4.2.1 Subscriber consents to CSI engaging subcontractors or subprocessors to process Subscriber Personal Data (collectively “Subprocessors”) to perform the Services. The current list of Subprocessors (“Subprocessor List”) is incorporated herein as Annex 2 CSI shall update Subscriber with any changes to processors in advance of such change (except where shorter notice is required due to exceptional circumstances).

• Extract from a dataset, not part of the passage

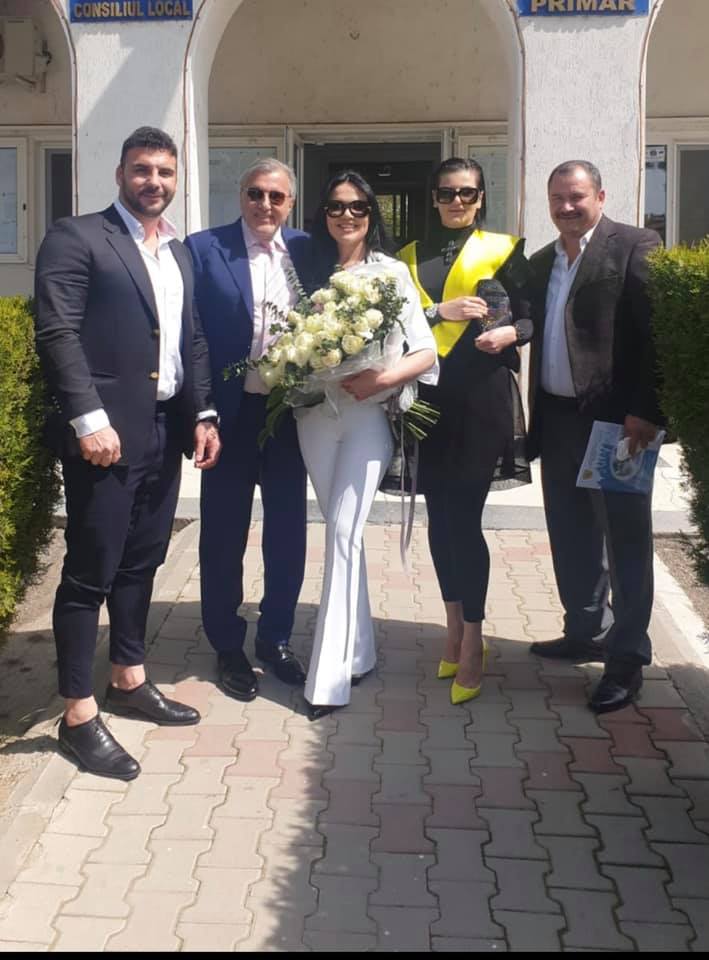 Ilie Năstase și Ioana s-au căsătorit astăzi, în Joia Patimilor. Primele imagini de la nuntă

In the event Subscriber reasonably objects to a change made to the Subprocessor List and CSI is unable to provide the Services without the use of such Subprocessor and no other reasonable solution can be mutually agreed to, either party may promptly terminate the Agreements (in whole or in part), by providing written notice to the other party and Subscriber will receive a prorated refund of any prepaid, unused fees for the period following the effective date of termination.
4.2.2
Where CSI uses any Subprocessors to process Subscriber Personal Data to provide the Services, CSI shall contractually impose at least the same level of protection for Subscriber Personal Data as provided for in this DPA. CSI shall require that persons authorized to process Subscriber Personal Data are: (i) informed of the confidential nature of Subscriber Personal Data, and (ii) obligated to keep Subscriber Personal Data confidential. CSI shall remain liable for any breach of the Agreement caused by a Subprocessor to the same extent as if CSI had caused such breach.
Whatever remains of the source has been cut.